Of course, your million dollar mortgage can be barely manageable at 2% rates. You need to find $ 3,700 per month, assuming a 30-year loan on principal and interest. But if the rates hit 3%, the repayment is suddenly $ 4,200. For some households, this will push them to the limit.
And some people have bigger mortgages than that. In New South Wales, 40,000 households had monthly mortgage payments over $ 5,000 in 2016. That would be even higher now. Terrible.
The reason the RBA cares about people with high income debt is that these people are the group most likely to find themselves in mortgage stress. If there is a recession, people who owe a lot of money will likely stop spending on everyday items and make any recession even worse.
Obviously, Australians are borrowing a lot more these days, and the main reason is the level of mortgage interest rates. The rates are cheap as shown in the following graph! You can borrow to buy a home at interest rates as low as 2% per annum. This means that borrowing huge sums is much more affordable.
The RBA has set very low official interest rates to speed up economic growth and avoid recession, and one effect of low rates is to stimulate the housing market. Shouldn’t they just raise interest rates if they don’t want house prices to go up? The answer is… maybe not.
Why not just increase the interest rates?
Low interest rates also lower our dollar, which makes it easier for our exporters. And they allow businesses to borrow money to grow their businesses at a lower cost. This is useful, because growing businesses hire more workers and reduce the unemployment rate. Raising interest rates is therefore straightforward and would reduce risk in the housing market, but it would lead to unwanted side effects.
Enter macroprudential policy.
Macroprudential policy is what you do when you want the housing market to cool down but can’t risk raising interest rates.
The government has already introduced a new macroprudential rule in an attempt to cool the housing market. As of last week, banks have to assess your repayment capacity if rates go up 3%, not just if rates go up 2.5%.
This change means that people can borrow about 5% less. This could in theory cool the market, but in reality very few people are borrowing to their limit (people who are mostly first-time home buyers – they will be hit the hardest by this rule change.)
What is most likely to happen is for the unstoppable momentum in the Australian property market to continue, blowing through the rule change like a Mack truck through a stack of boxes.

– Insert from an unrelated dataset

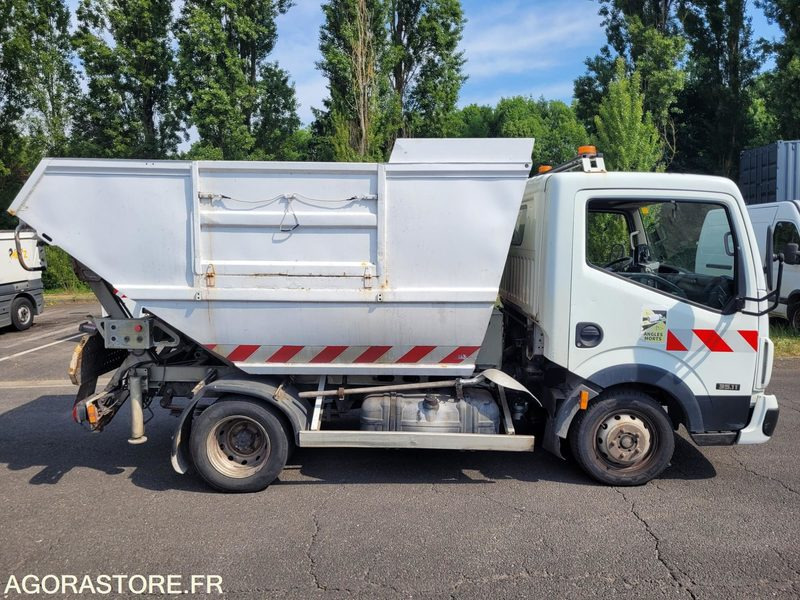 Mini benne à ordures ménagères RENAULT DIESEL BL-437-GH - VIN VF6SHFF24A2111348 - Dodávka sklápěč: obrázek 4 Mini benne à ordures ménagères RENAULT DIESEL BL-437-GH - VIN VF6SHFF24A2111348 - Dodávka sklápěč: obrázek 4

The RBA says the recent rule change will take a few months to affect the housing market, but admits that after that “the parameters may need to be adjusted.”
So this is not the end. The new RBA report includes a menu of other ways to crack down on the housing market, examining the macroprudential rules used in Canada, Norway, New Zealand, Ireland and more. Their menu of options includes limits on loan-to-value ratios, for example, so you can’t borrow more than 90 percent of the value of a new home. It also includes limits on the borrowing of investors.
If the housing market continues to advance – and it likely will – brace for more crackdown just before Christmas.
Jason Murphy is an economist | @jasemurphy. He is the author of the book Incentivology.